The fourth Thursday of November brings with it no shortage of specific food cravings. When else during the year do whole turkeys, stuffing, or yams with marshmallows make appearances at your dinner table? Add to that list cranberry sauce, without which no Thanksgiving spread is complete. And yet oddly, on a holiday that's all about home cooking, cranberry sauce is the only aspect of my Thanksgiving dinner that always comes from a can. What gives? We eat cranberry sauce but once a year, so why shouldn't it get the homemade treatment, too? We tested canned versus homemade jellied cranberry sauce to find out if the effort is really worth it.

The Contenders: Ocean Spray Jellied Cranberry Sauce vs. Gourmet's Jellied Cranberry Sauce
Cranberries are one of the few fruits native to North America, and they've been part of the Thanksgiving tradition since the Pilgrims' first dinner. The sauce version came into cookbooks at least as early as 1840. There's a long historical precedent for pairing fruits with meat (think Duck a L'Orange, fish with lemon, pork and apples, lamb and apricots), but cranberry sauce is said to have first been served alongside Thanksgiving turkey by General Ulysses S. Grant during the siege of Petersburg in 1864. Cranberry sauce was first commercially canned in 1912. America never looked back.

Relative Costs:
Homemade is more than twice as expensive as store-bought. I paid $1.89 for a 1 1/2 cup can of cranberry sauce, or $1.26 per cup; Ingredients for 3 1/2 cups of homemade cranberry sauce came to $10.25, or $2.93 per cup.

Relative Healthfulness:
Slight edge to homemade. Ocean Spray's sauce is sweetened with high fructose corn syrup, whereas homemade uses cane sugar.

See more: 25 Ways to Use Sriracha

Time Commitment: I spent an hour making the homemade cranberry sauce. Prep for the store-bought one, for those unfamiliar, goes: open can, pour onto serving plate, eat.

Leftovers Potential:
Either of the sauces can be refrigerated for about two weeks. What The Testers Said First let me introduce our panel.

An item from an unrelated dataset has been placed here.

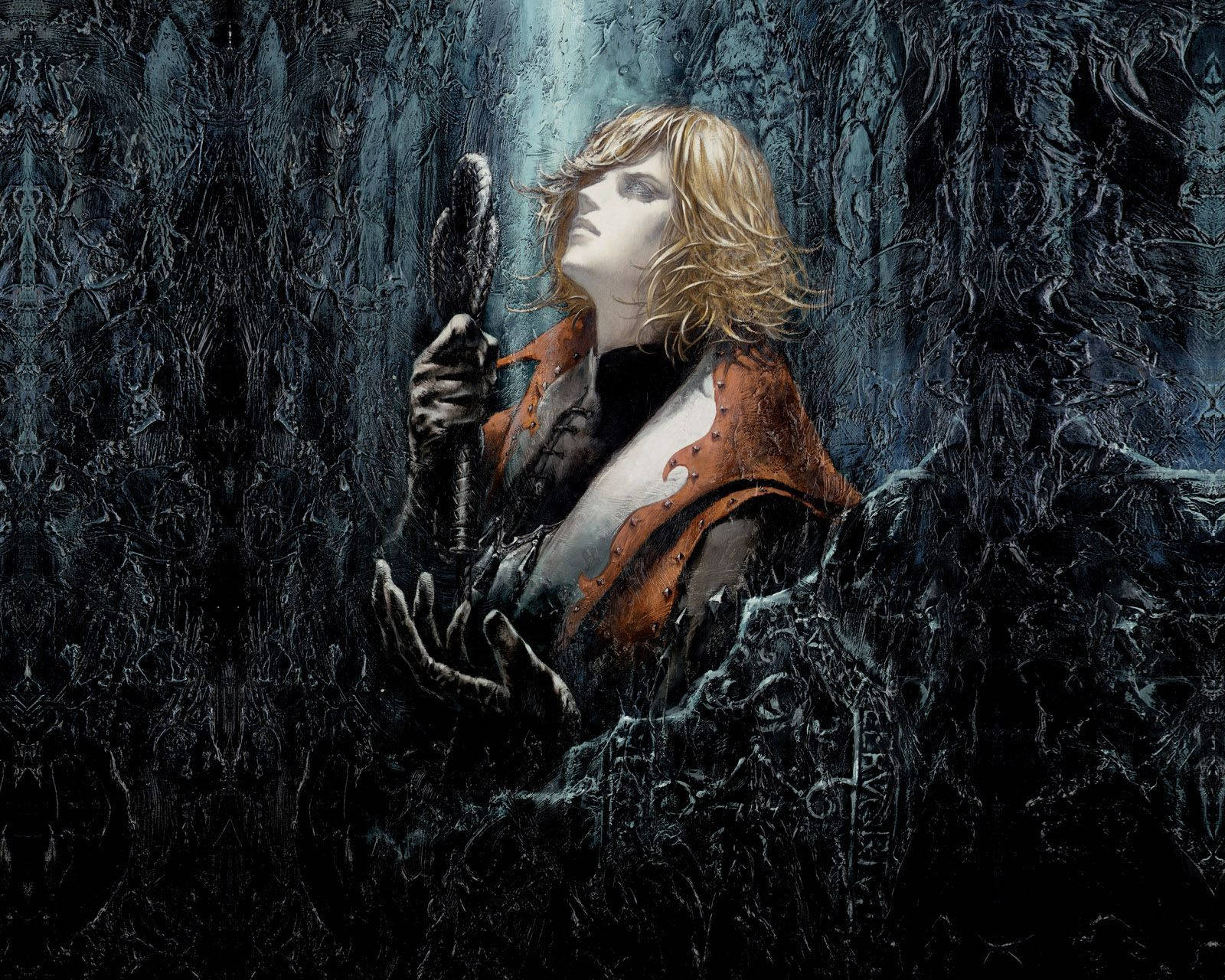 Castlevania 1600X1280 Wallpaper and Background Image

THE HEALTH NUT: A delicate eater, the health nut is calorie conscious but also likes to eat well

THE FOODIE: Calorie agnostic, our foodie judge has a sophisticated palate and a love of cooking

THE DUDE: Ambivalent toward food trends and health concerns, this guy just wants to be fed when he's hungry

THE KID: Between ages of 9 and 12 years old, not jaded, typically not into strong flavors

Testers sampled both cranberry sauces blind, and with turkey. Everyone found the biggest difference between the two to be texture; the homemade sauce had a distinct Jell-O springiness.

The Health Nut: Store-bought. "The homemade's flavor is a little more mild and the texture more gelatinous, which isn't what I'm looking for in a cranberry sauce."

|The Foodie: Store-bought. "How can you beat the tangy, sweet flavor of store-bought cranberry sauce? It's a holiday classic."

The Kid: Homemade. "It's just like Jell-O." The Dude: Store-bought. "Seeing that cylinder of cranberry sauce with the lines still on it from the can just makes me so happy."

The Verdict:
Fake It. Don't fix it if it ain't broke. Granted, the homemade recipe was jellied-not a relish or chutney that brings more complex flavor and texture to the jewel-red berry. But the truth is, jellied cranberry sauce out of the can is a Thanksgiving classic, with a tangy, fruity flavor and pleasing texture that seems to pair perfectly with rich holiday fare. Spending an hour of your precious Thanksgiving prep time making your own just isn't worth it.